TASK DIRECTIONS:
Everything in the listing below must be set down again exactly, apart from the pictures.

PROVIDED DATA:
════
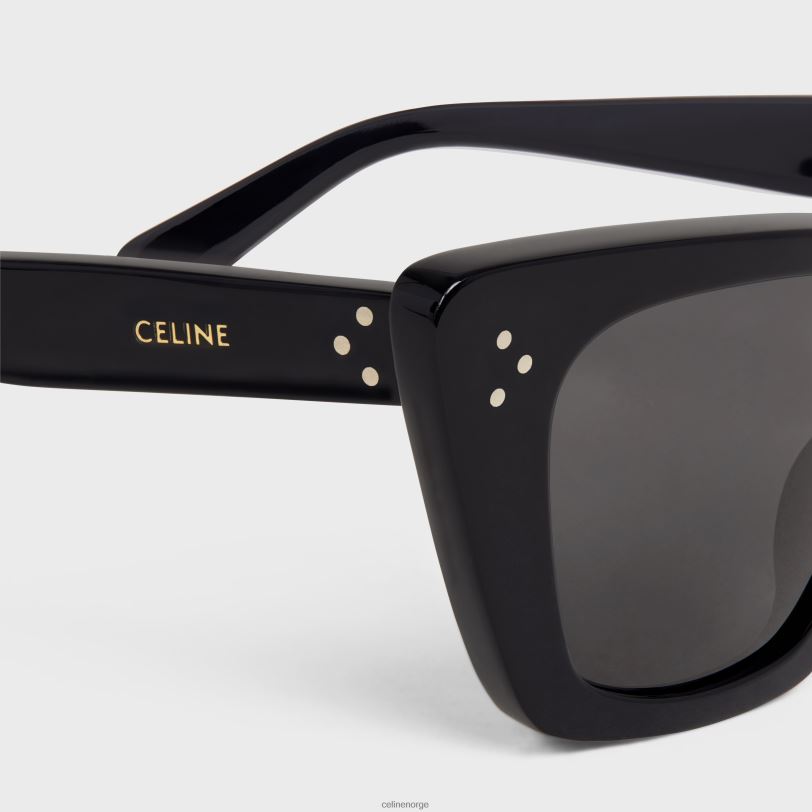 CELINE kvinner cat eye s187 solbriller i acetat V0PT61130 tilbehør svart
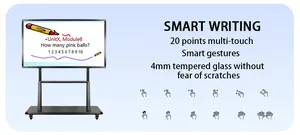 65 75 86 100 110 Inch Vinger Multi Touch Smart Interactieve Flatpanel Lcd-Scherm Vergadering Elektronisch Interactief Whiteboard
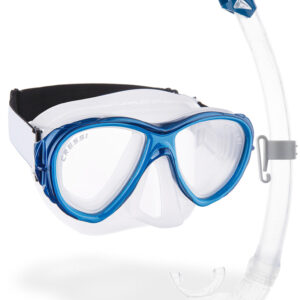 Cressi SAMOA + MEXICO COMBO CLEAR/BLUE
════
TASK SOLUTION:
 CELINE kvinner cat eye s187 solbriller i acetat V0PT61130 tilbehør svart
 65 75 86 100 110 Inch Vinger Multi Touch Smart Interactieve Flatpanel Lcd-Scherm Vergadering Elektronisch Interactief Whiteboard
 Cressi SAMOA + MEXICO COMBO CLEAR/BLUE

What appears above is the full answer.